Justice for Samuel Faulkner

Chapter:
(p.158) 6 Justice for Samuel Faulkner
Source:
City of Inmates
Author(s):

Kelly Lytle Hernández

Publisher:
University of North Carolina Press
DOI:10.5149/northcarolina/9781469631189.003.0007

The sixth chapter spans the decades between the 1920s and the 1960s. In these years, as Los Angeles took center stage in the nation’s landscape of jails and prisons, the population of African Americans incarcerated in Los Angeles shot from politically irrelevant and slightly disproportionate to politically dominant and stunningly disproportionate. It has remained so ever since. Chapter 6 tracks the origins of the incarceration of blacks in Los Angeles. In particular, it details why and how black incarceration so disproportionately followed the expansion of L.A.’s African American community.
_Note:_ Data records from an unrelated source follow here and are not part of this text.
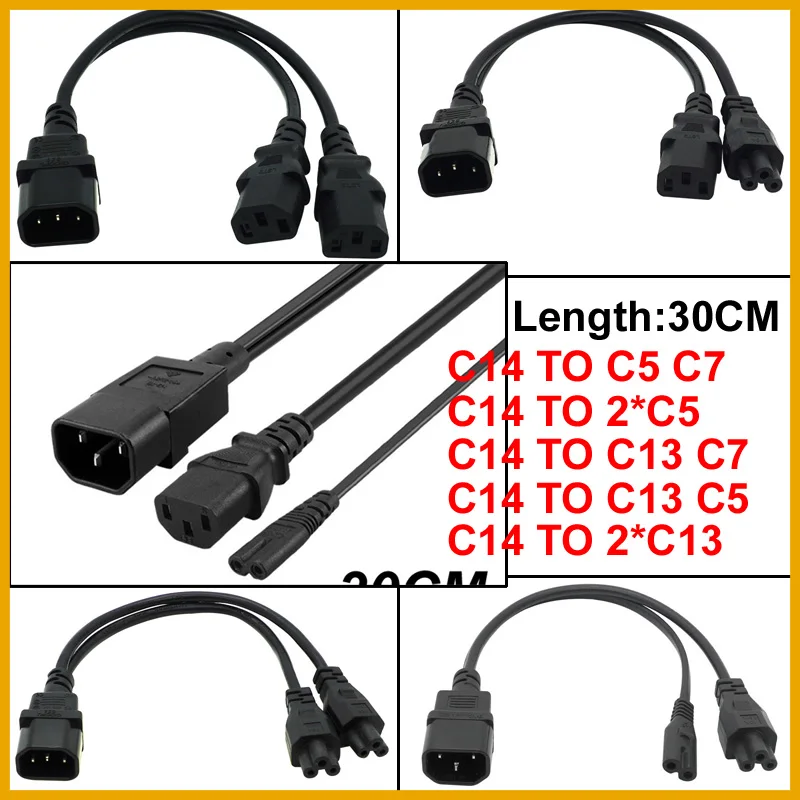 NEW 2026 30CM 110V-250V 10A IEC320 C14 TO C13 C5 C7 Y Splitter AC Power Cable Cord For PC Monitor Scanner Printer Adapter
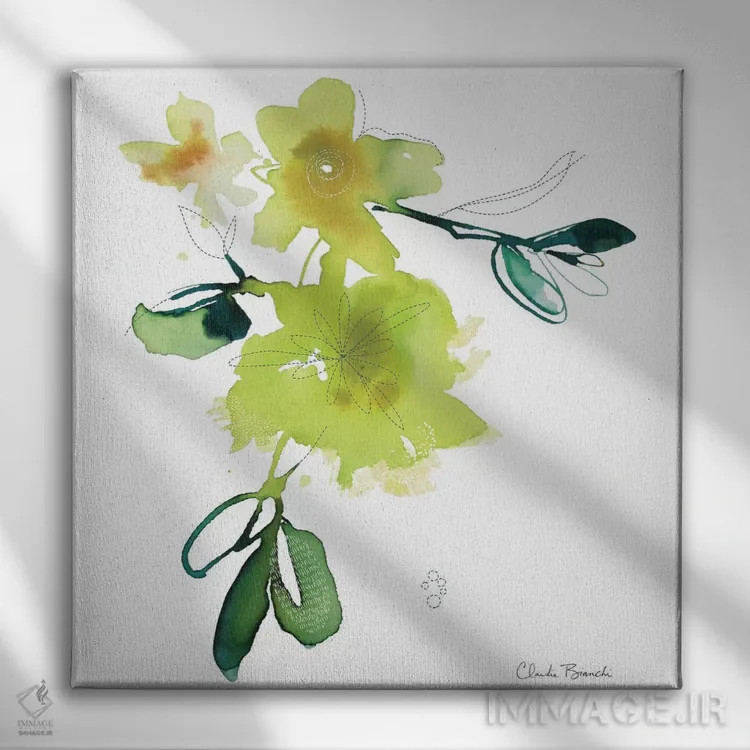 تابلو گیاه زرد اثر کلودیا بیانکی - نمای روبهرو روی دیوار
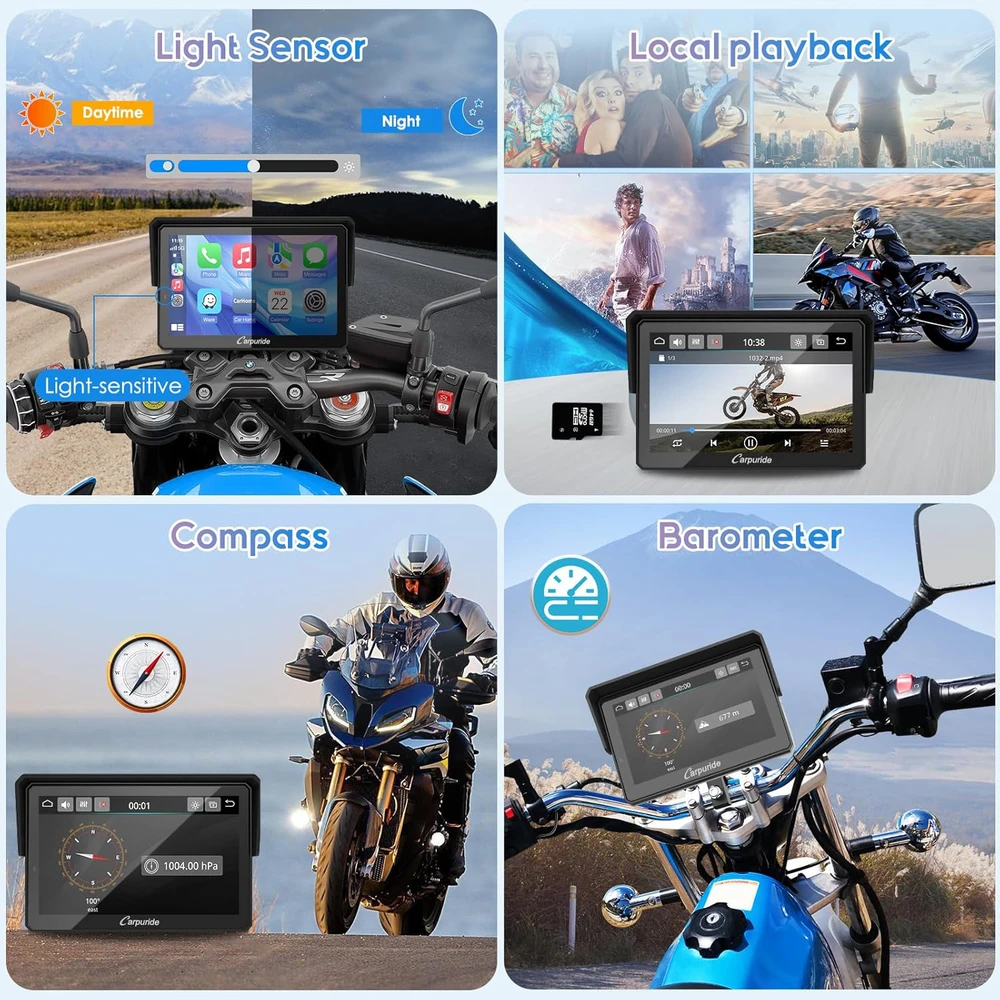 Carpuride motociklo navigacija su 5 colių lietimui jautriu ekranu, Bluetooth, CarPlay, Android Auto, W502B Pro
Moreover, by exhuming the first recorded killing of a young black male by the LA PD, which occurred in South Central Los Angeles on the evening of April 24, 1927, this chapter details why and how police brutality so closely accompanied black incarceration in the city. It is a brutal history attended by persistent—and, in time, explosive—black protest, tracking how community members fought police brutality between 1927 and the outbreak of the Watts Rebellion in 1965. Indeed, race, policing, and protest became inextricable as Los Angeles advanced toward becoming the carceral capital of the United States.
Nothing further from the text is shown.